A general questions for all: Do you find blacks in the same areas you find grays &amp; yellows? Or, have you found out that blacks grow in completely different areas and around different tree types?


----------



## j0w (Apr 4, 2013)

The majority of blacks I find are in yellow poplar a.k.a. (tulip poplar) stands on hillsides. I do find them sporadically in other areas as well. Ash is another good tree to look around for them, but i always find the most numbers and bigger ones around large tulip poplars on hillsides. The poplar is a choice morel tree here. I find most of my yellows in completely different areas. Around dead and freshly dying elms with the bark just starting to slip off, creek bottoms loaded with large sycamores and of course ash. Although you can find the occasional yellow or two around poplar as well and other assorted hardwoods. Apple is another good one for yellows if you can locate an old orchard nobody knows about which is asking a lot. Morchella Deliciousa (tulip morels) prefer the yellow poplar also and come up late in the season. They're usually the last ones you will find fresh. Hope this helps


----------



## sciotoguy (Apr 1, 2013)

Any trick to spotting the populars from the road, this time of the year?. Kinda easy in the fall, but in new ground in spring what do you look for?

I always hit the bottoms and work up, in unknown areas. 

I Think I just answered my own question.


----------



## thunter (Mar 12, 2013)

My better areas for blacks ill find half- frees &amp; tulip morels as well, rarely find yellow sponge in same areas. 
Tulip poplar are one of, if not the first, trees to green up, easy to pick em out from a distance early on. Seems like there almost a week ahead of other species in pushing leaves out.


----------



## sciotoguy (Apr 1, 2013)

Thanks for that tip. I had not noticed that before. And I have two big tulip trees in my yard. I usually look for the old seed pods still on the tree, but you have to be pretty close to see them.


----------



## buckeyebrett (Jan 2, 2013)

Man, you guys are good. I was gonna say they're the tallest, straightest trees in the woods and they green up sooner than others. But I got another question...are the sycamores known for putting out a large flush (ala dying elm) or just a few here and there? And when you find one near a sycamore, are there more around other sycamores close to the first one? Please expound on the sycamore for me. I get 95% of my morels on the ol reliable elms. I've only found blacks in SEO around the tulip poplars.
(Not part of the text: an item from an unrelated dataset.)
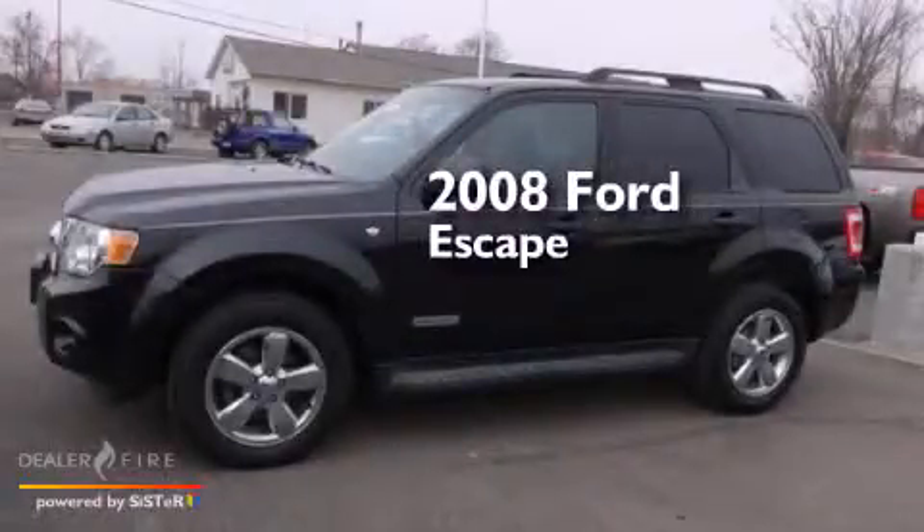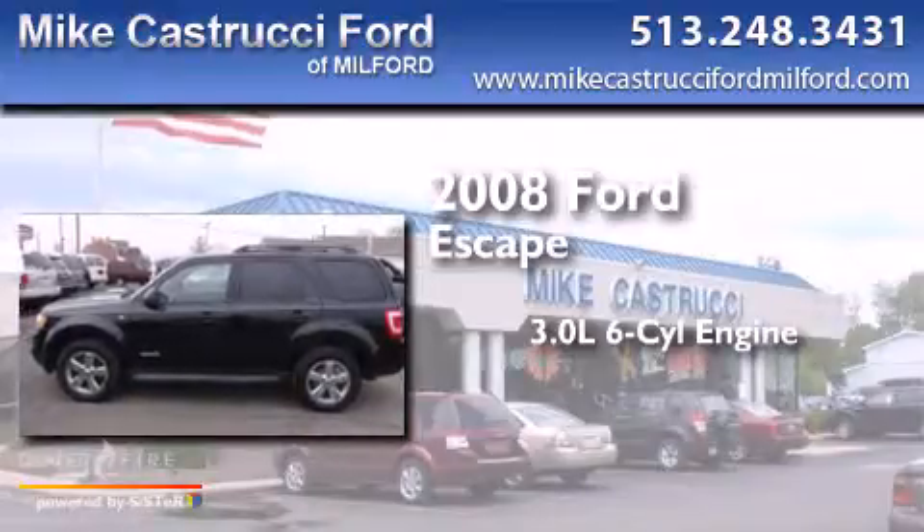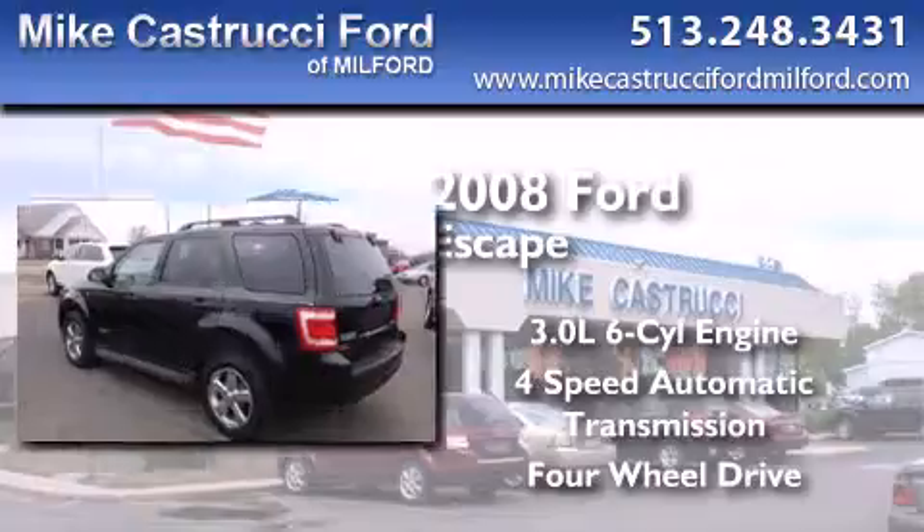This is a 2008 Ford Escape. It features a 3.0-liter, six-cylinder engine, a four-speed automatic transmission, and the added safety and control of four-wheel drive.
Haven't been able to find blacks up here in NEO. KSU.shroomer, I see you on here every year. You do good, man!! Where do you find the blacks up this way? (I'm in Medina County)


----------



## ant (Oct 17, 2012)

Ive had good luck around sycamores on yellows in numbers but never blacks.


----------



## buckeyebrett (Jan 2, 2013)

Wadsworth, KSU. I know where you're talking. Did you go to Cloverleaf or Medina HS?


----------



## buckeyebrett (Jan 2, 2013)

Man, I gotta get blacks up here!! You've probably seen Digger on here over the years. He once showed me blacks that had come up on April 1st!! This was like 2008 or 9 maybe. Everyone was callin him out on here and he said he'd prove it. I took him up on it (not that I didn't believe. I wanted my mind expanded) Sure enough...April 1st. Little morels coming up. Those were near black cherry. That's one of my goals this year.....black morels in NEO.


----------



## lilmer1 (Apr 3, 2013)

I'm from Medina too. Fish spencer lake all time time. Small world.


----------